Your objective —
Below are some records. Reproduce them exactly from their first line through the line with "Trường hợp nào thì nhấn mí mắt?", inclusive.

Short text fragments from websites —
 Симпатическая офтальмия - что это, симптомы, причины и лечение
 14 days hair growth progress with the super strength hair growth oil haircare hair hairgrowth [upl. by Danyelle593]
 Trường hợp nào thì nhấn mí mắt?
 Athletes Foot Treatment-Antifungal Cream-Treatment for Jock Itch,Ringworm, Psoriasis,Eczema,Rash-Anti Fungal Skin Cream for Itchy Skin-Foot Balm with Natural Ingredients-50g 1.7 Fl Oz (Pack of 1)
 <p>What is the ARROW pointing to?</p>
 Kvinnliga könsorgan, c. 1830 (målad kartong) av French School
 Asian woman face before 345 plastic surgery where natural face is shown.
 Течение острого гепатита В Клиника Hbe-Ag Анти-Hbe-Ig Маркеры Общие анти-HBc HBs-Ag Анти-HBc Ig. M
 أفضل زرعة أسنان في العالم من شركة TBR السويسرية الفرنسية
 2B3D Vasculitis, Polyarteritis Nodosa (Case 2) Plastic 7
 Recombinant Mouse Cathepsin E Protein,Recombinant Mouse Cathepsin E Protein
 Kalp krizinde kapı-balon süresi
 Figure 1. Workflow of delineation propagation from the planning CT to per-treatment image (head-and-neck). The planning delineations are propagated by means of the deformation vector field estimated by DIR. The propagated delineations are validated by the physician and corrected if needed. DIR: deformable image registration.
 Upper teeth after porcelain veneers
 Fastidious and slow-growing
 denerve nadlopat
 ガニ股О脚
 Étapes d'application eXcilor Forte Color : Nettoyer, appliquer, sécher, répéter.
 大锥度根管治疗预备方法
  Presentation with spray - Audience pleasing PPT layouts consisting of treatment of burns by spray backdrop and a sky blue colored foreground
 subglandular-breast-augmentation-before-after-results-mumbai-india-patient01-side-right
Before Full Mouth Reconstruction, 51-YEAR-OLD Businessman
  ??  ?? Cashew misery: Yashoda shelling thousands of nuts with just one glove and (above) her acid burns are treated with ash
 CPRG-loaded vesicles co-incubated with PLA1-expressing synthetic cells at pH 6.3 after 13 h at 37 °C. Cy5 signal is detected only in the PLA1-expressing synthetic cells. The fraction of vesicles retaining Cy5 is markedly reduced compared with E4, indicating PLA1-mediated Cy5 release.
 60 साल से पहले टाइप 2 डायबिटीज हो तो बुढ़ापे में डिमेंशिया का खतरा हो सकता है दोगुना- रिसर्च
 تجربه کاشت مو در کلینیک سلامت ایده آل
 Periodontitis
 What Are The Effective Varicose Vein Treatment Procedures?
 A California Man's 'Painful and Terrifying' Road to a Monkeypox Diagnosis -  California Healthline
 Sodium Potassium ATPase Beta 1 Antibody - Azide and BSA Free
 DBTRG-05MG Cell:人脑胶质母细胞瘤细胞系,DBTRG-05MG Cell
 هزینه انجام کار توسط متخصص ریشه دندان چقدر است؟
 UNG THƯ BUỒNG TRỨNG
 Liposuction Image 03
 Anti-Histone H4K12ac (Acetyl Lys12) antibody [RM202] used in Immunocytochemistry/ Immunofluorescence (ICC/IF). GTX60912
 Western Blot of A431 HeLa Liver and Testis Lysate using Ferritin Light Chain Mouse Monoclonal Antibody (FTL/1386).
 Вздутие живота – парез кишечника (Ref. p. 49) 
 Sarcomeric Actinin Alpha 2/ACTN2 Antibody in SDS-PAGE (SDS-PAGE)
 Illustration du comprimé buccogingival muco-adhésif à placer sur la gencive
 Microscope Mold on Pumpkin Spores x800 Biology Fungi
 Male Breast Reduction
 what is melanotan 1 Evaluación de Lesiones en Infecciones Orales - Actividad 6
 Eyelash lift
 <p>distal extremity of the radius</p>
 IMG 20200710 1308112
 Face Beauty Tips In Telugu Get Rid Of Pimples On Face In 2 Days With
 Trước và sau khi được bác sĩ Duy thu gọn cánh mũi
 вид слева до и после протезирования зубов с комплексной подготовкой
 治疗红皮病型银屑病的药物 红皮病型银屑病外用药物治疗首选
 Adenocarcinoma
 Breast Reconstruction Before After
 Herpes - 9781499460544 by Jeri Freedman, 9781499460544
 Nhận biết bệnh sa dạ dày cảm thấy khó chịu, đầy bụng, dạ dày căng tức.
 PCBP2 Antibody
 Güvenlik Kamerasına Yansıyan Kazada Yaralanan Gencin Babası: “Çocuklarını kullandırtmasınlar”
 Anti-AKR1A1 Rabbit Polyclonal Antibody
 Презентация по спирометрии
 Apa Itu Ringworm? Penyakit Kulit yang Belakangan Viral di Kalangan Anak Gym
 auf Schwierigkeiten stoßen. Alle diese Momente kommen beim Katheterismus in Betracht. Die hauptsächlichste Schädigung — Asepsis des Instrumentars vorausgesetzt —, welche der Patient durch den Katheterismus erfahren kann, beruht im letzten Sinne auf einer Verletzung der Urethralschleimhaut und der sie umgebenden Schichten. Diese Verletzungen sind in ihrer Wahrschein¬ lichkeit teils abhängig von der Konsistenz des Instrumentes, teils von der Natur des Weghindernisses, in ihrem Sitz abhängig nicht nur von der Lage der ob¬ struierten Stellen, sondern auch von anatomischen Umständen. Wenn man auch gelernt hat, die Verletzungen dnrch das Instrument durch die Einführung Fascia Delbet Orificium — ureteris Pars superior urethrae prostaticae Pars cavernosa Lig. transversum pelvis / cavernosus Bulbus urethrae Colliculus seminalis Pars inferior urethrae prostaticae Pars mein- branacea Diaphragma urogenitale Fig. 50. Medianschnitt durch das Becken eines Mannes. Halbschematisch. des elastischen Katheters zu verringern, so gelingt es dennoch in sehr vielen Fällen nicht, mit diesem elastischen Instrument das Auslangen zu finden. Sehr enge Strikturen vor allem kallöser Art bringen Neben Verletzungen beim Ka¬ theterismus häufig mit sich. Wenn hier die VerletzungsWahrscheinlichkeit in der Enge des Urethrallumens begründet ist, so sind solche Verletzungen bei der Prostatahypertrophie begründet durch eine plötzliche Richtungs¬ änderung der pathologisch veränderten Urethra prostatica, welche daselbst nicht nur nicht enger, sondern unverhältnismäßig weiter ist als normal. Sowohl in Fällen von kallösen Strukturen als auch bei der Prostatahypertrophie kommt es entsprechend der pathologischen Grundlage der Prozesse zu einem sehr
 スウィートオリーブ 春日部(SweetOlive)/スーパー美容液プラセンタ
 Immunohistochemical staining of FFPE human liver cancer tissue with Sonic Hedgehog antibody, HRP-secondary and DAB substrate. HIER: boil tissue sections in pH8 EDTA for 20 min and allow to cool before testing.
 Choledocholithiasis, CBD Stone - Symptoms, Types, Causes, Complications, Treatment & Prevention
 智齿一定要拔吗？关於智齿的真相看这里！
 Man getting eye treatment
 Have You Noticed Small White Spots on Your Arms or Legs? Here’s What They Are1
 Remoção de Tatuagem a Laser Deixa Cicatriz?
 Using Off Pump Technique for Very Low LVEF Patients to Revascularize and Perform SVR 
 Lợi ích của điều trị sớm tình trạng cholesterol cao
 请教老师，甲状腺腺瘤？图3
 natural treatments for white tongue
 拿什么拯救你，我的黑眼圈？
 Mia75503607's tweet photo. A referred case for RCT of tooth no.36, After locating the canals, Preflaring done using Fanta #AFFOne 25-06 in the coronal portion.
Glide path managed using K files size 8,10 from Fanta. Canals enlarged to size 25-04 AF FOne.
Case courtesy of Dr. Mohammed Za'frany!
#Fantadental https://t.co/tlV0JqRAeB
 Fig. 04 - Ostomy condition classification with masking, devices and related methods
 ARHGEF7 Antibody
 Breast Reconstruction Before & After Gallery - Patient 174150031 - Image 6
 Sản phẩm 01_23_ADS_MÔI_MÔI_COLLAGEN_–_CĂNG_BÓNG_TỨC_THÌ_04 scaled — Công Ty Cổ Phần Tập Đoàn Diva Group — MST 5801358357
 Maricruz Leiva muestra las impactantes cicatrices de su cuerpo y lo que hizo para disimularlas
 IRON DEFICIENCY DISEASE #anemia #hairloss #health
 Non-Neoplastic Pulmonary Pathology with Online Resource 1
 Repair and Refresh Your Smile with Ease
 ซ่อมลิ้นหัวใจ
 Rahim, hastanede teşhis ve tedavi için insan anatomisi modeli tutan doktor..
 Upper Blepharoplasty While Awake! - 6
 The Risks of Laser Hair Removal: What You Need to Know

Result of this task —
 Симпатическая офтальмия - что это, симптомы, причины и лечение
 14 days hair growth progress with the super strength hair growth oil haircare hair hairgrowth [upl. by Danyelle593]
 Trường hợp nào thì nhấn mí mắt?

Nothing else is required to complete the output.